Por Edwin Gamboa, Fundador Caja Negra
En un nuevo capítulo de su cruzada proteccionista, el presidente de Estados Unidos, Donald Trump, ha lanzado una advertencia directa a Apple, una de las empresas más emblemáticas de la innovación tecnológica global: impondrá un arancel del 25 % a los iPhones que no se fabriquen dentro del país. Esta medida busca presionar al gigante tecnológico para que traslade su producción desde Asia —específicamente de China e India— hacia territorio estadounidense, sin considerar los impactos económicos, industriales y sociales que esto acarrearía.
La amenaza, realizada públicamente a través de su red Truth Social y en declaraciones posteriores, reaviva la tensión entre el gobierno federal y el sector privado, al mismo tiempo que podría redefinir las reglas del juego para la cadena de suministro global. Y más allá de Apple, el verdadero golpe podría recaer sobre los consumidores.

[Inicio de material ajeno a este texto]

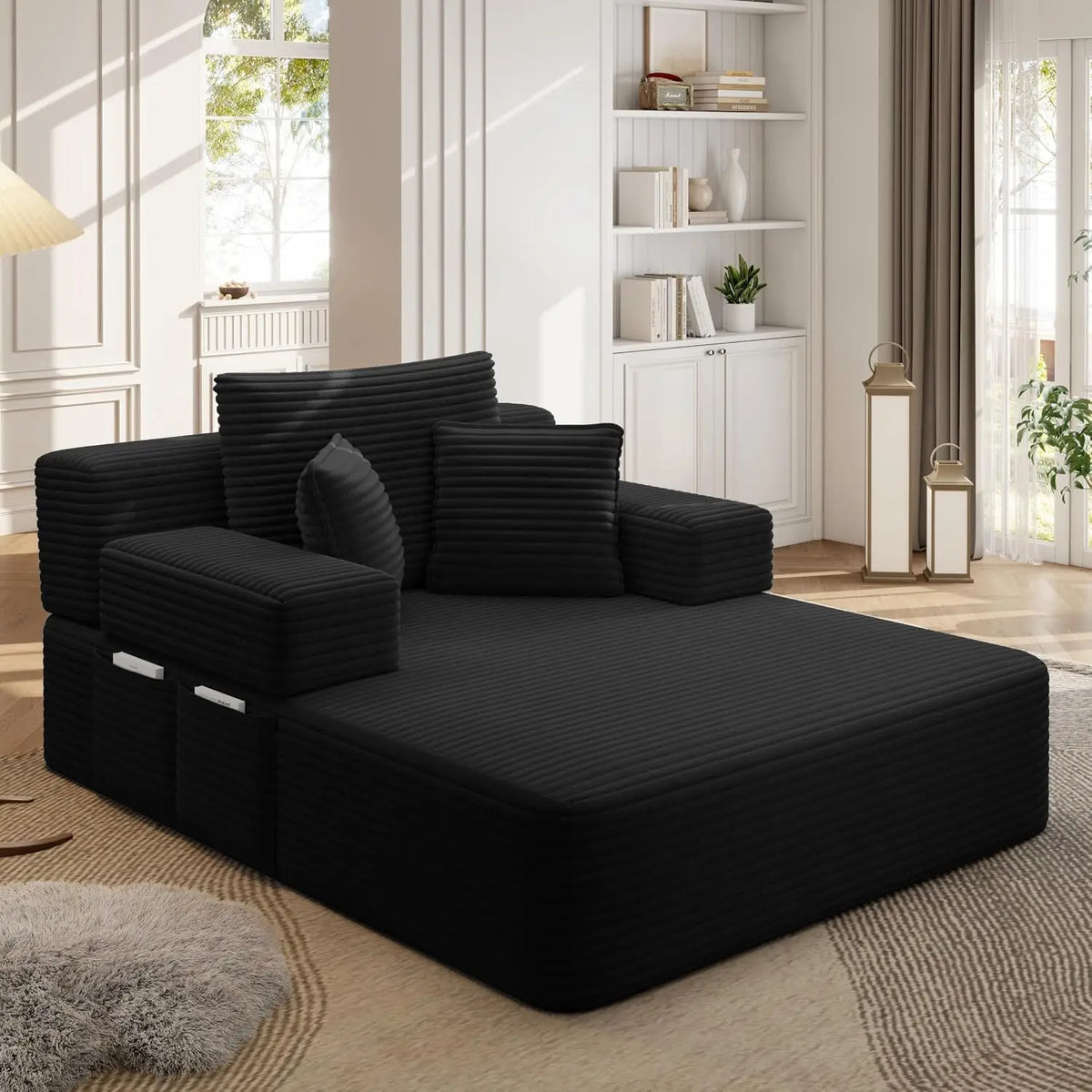 2-in-1 Convertible Chaise Lounge Indoor, 60.2" Corduroy Upholstered Chaise Lounge Chair that Converts to Sleeper, Custom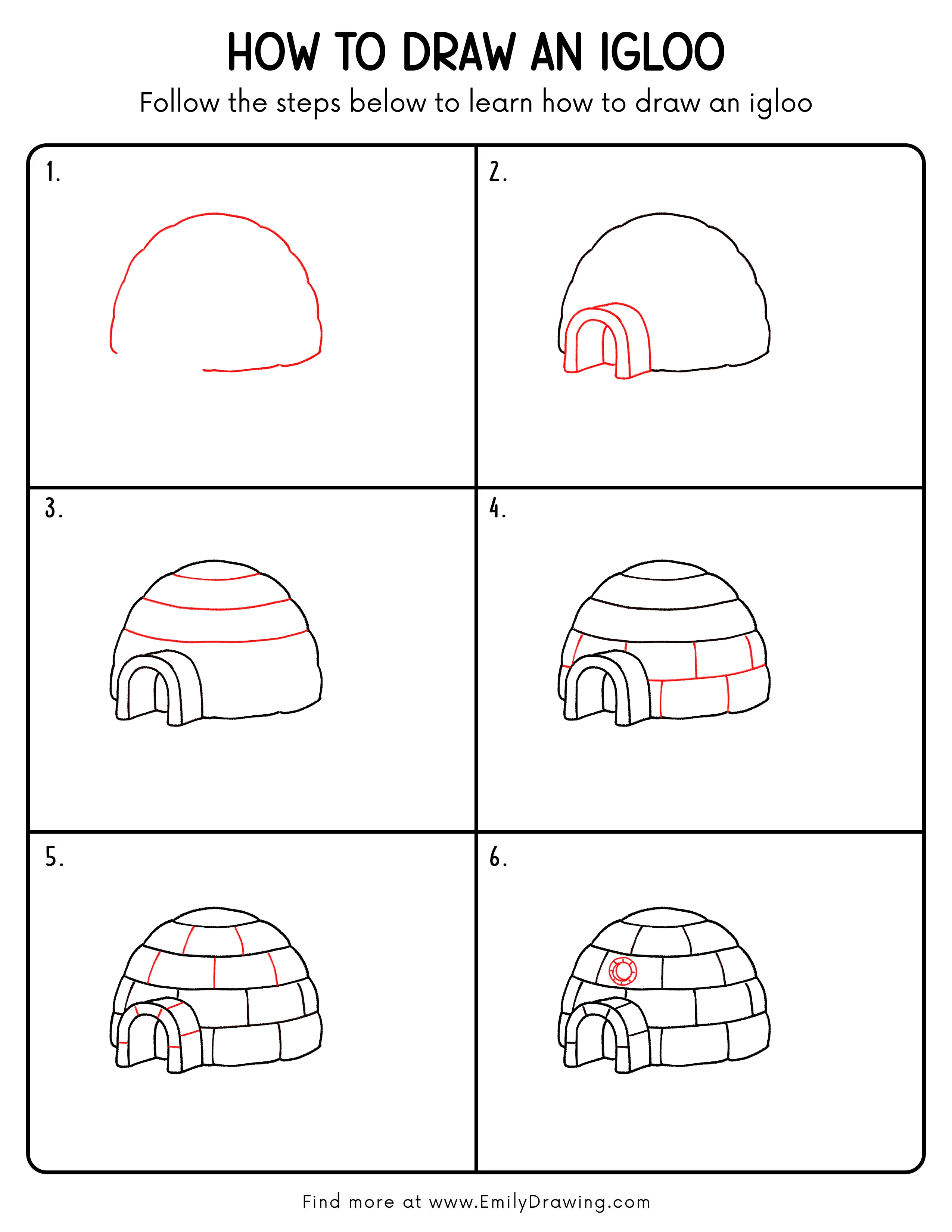 Printable Igloo Drawing Guide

La amenaza: producción forzada o castigo arancelario
Según un informe del Financial Times, Apple planea trasladar el ensamblaje de sus iPhones destinados al mercado estadounidense desde China hacia India, como parte de una estrategia para reducir su dependencia de Beijing. Actualmente, alrededor del 90 % de los iPhones se ensamblan en fábricas chinas, una situación insostenible ante el endurecimiento de los aranceles promovidos por Washington.
Sin embargo, Trump no ha tardado en responder con tono confrontacional. En su publicación, afirmó haber advertido a Tim Cook, CEO de Apple, que solo aceptará productos ensamblados en Estados Unidos. “Si no se fabrican aquí, pagarán un 25 % de arancel”, sentenció.
Durante una conferencia en Qatar, Trump fue aún más explícito: “Tim, eres mi amigo, pero no quiero que construyas en India. Queremos que construyas aquí. India puede cuidarse sola”.
¿Protección o castigo?
A pesar de que Apple anunció en febrero una inversión de 500,000 millones de dólares en EE. UU., que incluye 20,000 nuevos empleos y la apertura de una planta de servidores en Texas, el gobierno parece no considerar suficientes estos esfuerzos.
El problema no radica únicamente en el deseo presidencial de relocalizar empleos, sino en la desconexión entre la visión política y la viabilidad industrial. Expertos advierten que fabricar iPhones en EE. UU. podría incrementar los costos de producción hasta en un 90 %, debido a los salarios más altos, la falta de proveedores locales de componentes especializados y la infraestructura limitada en comparación con Asia.
Apple, por su parte, ha advertido que estos aranceles podrían añadir cerca de 900 millones de dólares a sus costos trimestrales, afectando directamente a sus resultados financieros y, en consecuencia, al precio final de sus productos.
El consumidor en la línea de fuego
El impacto de esta medida iría mucho más allá de Apple. De aplicarse el arancel del 25 %, el precio del iPhone aumentaría considerablemente para los consumidores estadounidenses, quienes ya enfrentan altos costos por productos tecnológicos. Además, la política podría generar una ola de inseguridad jurídica para otras compañías que operan bajo modelos globales de producción.
Lo que está en juego no es solo el precio de un teléfono. Se trata de una visión de país cerrada al comercio internacional, basada en la presión, el castigo económico y el control político sobre decisiones empresariales. La línea entre proteger la industria nacional y asfixiar la competitividad global se vuelve cada vez más delgada.
Y mientras Trump intenta atraer fábricas al país a punta de aranceles, países como India y Vietnam refuerzan su capacidad para ser centros globales de manufactura, mostrando que la competitividad no se impone por decreto, sino por condiciones económicas sostenibles y marcos jurídicos estables.
La amenaza de Trump a Apple no es solo un mensaje al Silicon Valley. Es una advertencia al mundo: las decisiones de política comercial pueden convertirse en herramientas de presión ideológica, incluso a costa del desarrollo tecnológico, la estabilidad de los mercados y el bolsillo de millones de consumidores.
En vez de construir un modelo industrial sostenible con inversión en educación, infraestructura e innovación, se opta por imponer barreras que encarecen los productos, generan incertidumbre y espantan la inversión extranjera.
El debate de fondo no es dónde se fabrica el iPhone, sino qué tipo de liderazgo económico necesita el siglo XXI. Uno que mire al futuro o uno que insista en imponer el pasado.